BP is arguing that its partners in the oil well project must share responsibility for the disaster costs. BP owned 65 percent of the well, while Anadarko Petroleum Corp. had 25 percent stake and a subsidiary of Mitsui & Co. Ltd. of Japan had a 10 percent stake.
Anadarko said Friday the joint operating agreement made BP responsible for any damage due to gross negligence or willful misconduct. BP shot back Monday that all the partners shared in liability for oil spill damages.
The best hope of ending the diasaster rests on teams drilling two relief wells meant to stop the seafloor oil gusher, a daunting task: Their drills have to hit a target roughly the size of a salad plate about three miles below the water's surface.
If the workers aboard Transocean's Development Driller II or its sister rig DDIII miss or move too slowly, oil will keep pouring into the sea. As much as 125 million gallons of oil has gushed into the Gulf.
No one on the rig has done this before because these deep sea interventions are so rare. But rig workers brushed off worries and the pressure to succeed.
"It's really not a tough thing to do," says Mickey Fruge, the wellsite leader aboard the DDII for BP, which was leasing the rig that blew up and is responsible for stopping the oil.
The relief wells are slowly grinding their drill bits 13,000 feet below the seafloor until they intersect the damaged well left by the Deepwater Horizon. A group of reporters that included The Associated Press had a rare chance to tour the rig Saturday.
Reporters flew by helicopter above the patchy wetlands along the Mississippi River Delta and past the floating boom and skimmers that have failed to protect the Gulf Coast.
About 40 miles from the coast, a fleet of ships becomes visible. They look like toys packed in a two-mile-square patch of dull water. The approaching drill rig is easy to spot with its 200-foot derrick.
After the Sikorsky chopper settles on its landing pad, the thwack of the rotors quiets down, and a rig worker steps into the helicopter cabin.
"OK, welcome to the DDII," he says.
Out in the distance, another drilling rig is siphoning off oil and natural gas from the undersea well and burning it in a multi-nozzled flare. It looks like the flames are radiating from an oversized showerhead. Other ships hose off that rig's deck to keep the heat from building.
Meanwhile, a boom attached to a drill ship called the Discoverer Enterprise flares off natural gas taken from a containment cap that is sucking up oil from the well head. The distant flames are a constant reminder that crude and gas are leaking beneath the feet of those aboard the DDII as they walk across the see-through grating on its floor.

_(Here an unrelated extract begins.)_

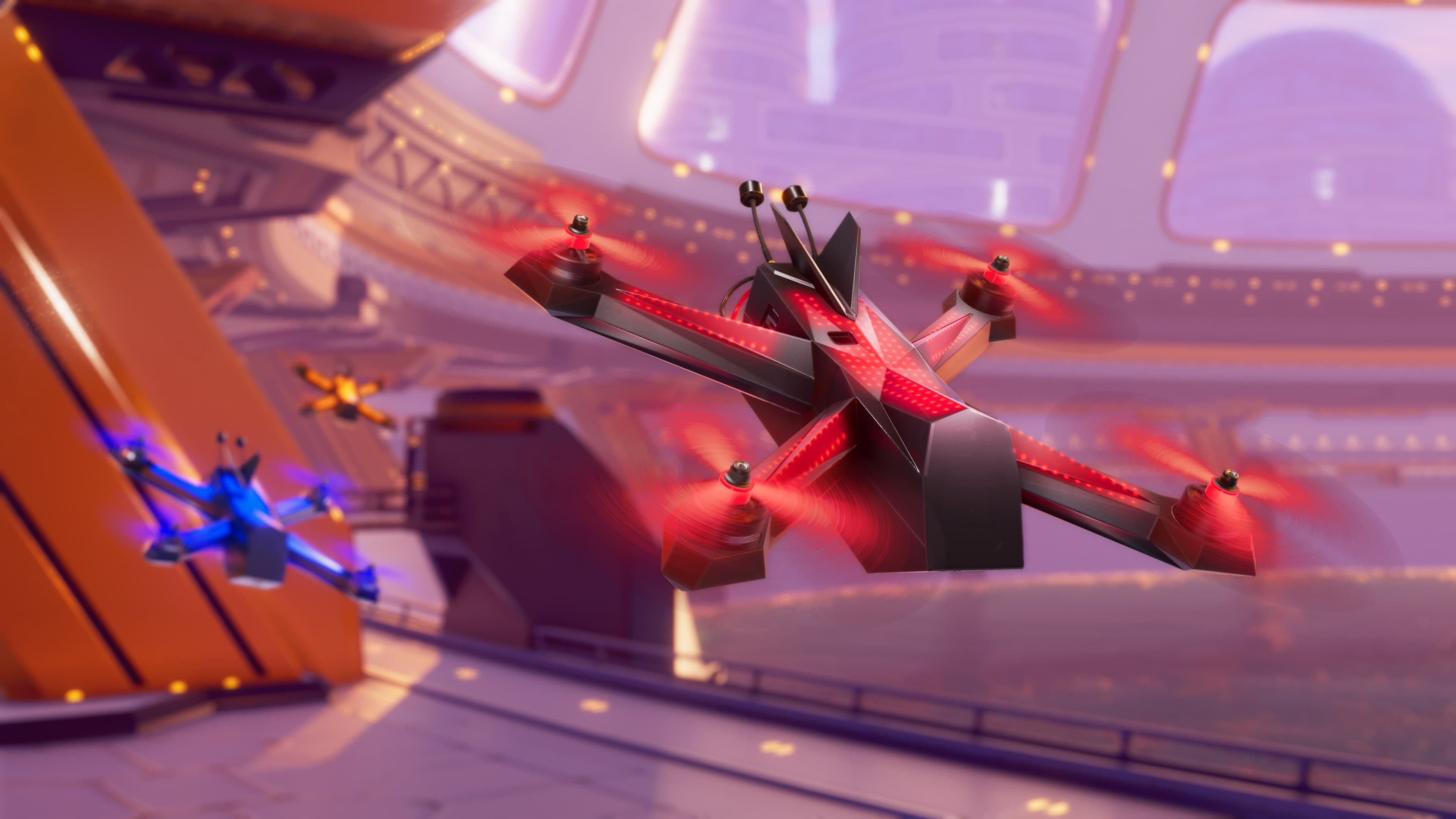 The Drone Racing League Simulator Standard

The Enterprise sits where the Deepwater Horizon rig exploded. Some of the DDII crew knew Transocean workers on that rig.
It's "always, always on our mind," said Wendell Guidry, Transocean's drilling superintendent on the rig.
BP has said a relief well should be ready by August, and the DDIII is farther along, having reached a depth of nearly 11,000 feet below the seafloor. Still, Guidry said, it's unclear which rig will hit the target first.
"Never know what will happen," he said. "You never know."
Work goes on around-the-clock on the DDII, which can hold 176 people. Eight thrusters on the rig keep it precisely positioned over the well it's drilling. The ship is so large that those aboard cannot feel it move on the water most of the time.
Once one of the two relief wells intersects the damaged line, BP plans to pump heavy drilling mud in to stop the oil flow and plug the blown-out well with cement.
It's a tricky task and not guaranteed to work. A pair of relief wells took months to stop an undersea gusher in Mexico that started in the summer of 1979.
Coast Guard Adm. Thad Allen, the top federal official in the spill response, has said construction on the relief wells remains ahead of schedule. But setbacks are routine on a drilling rig.
"It's business as usual, man," said Eric Jackson, a rig worker. "Everybody tells us to be, 'Hey, don't let the pressure get to you.' This is what we do for a living, man. We drill wells. It's the same as any other day."